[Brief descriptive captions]
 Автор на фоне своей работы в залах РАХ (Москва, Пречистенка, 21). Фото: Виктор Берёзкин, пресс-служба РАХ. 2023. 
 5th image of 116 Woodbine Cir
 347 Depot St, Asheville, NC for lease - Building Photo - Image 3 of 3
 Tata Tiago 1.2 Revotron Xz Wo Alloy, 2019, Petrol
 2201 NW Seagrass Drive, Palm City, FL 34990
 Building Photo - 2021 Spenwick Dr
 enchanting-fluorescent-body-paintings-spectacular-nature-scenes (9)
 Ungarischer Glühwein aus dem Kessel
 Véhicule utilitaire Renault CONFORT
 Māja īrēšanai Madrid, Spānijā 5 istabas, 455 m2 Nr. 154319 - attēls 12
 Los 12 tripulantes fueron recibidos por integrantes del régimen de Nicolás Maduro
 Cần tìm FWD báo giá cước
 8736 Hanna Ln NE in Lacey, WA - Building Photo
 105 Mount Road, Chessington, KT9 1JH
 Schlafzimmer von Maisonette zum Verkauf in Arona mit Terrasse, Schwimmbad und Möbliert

The task:
Give back the whole of the data above, exactly as written.

Result below:
 Автор на фоне своей работы в залах РАХ (Москва, Пречистенка, 21). Фото: Виктор Берёзкин, пресс-служба РАХ. 2023. 
 5th image of 116 Woodbine Cir
 347 Depot St, Asheville, NC for lease - Building Photo - Image 3 of 3
 Tata Tiago 1.2 Revotron Xz Wo Alloy, 2019, Petrol
 2201 NW Seagrass Drive, Palm City, FL 34990
 Building Photo - 2021 Spenwick Dr
 enchanting-fluorescent-body-paintings-spectacular-nature-scenes (9)
 Ungarischer Glühwein aus dem Kessel
 Véhicule utilitaire Renault CONFORT
 Māja īrēšanai Madrid, Spānijā 5 istabas, 455 m2 Nr. 154319 - attēls 12
 Los 12 tripulantes fueron recibidos por integrantes del régimen de Nicolás Maduro
 Cần tìm FWD báo giá cước
 8736 Hanna Ln NE in Lacey, WA - Building Photo
 105 Mount Road, Chessington, KT9 1JH
 Schlafzimmer von Maisonette zum Verkauf in Arona mit Terrasse, Schwimmbad und Möbliert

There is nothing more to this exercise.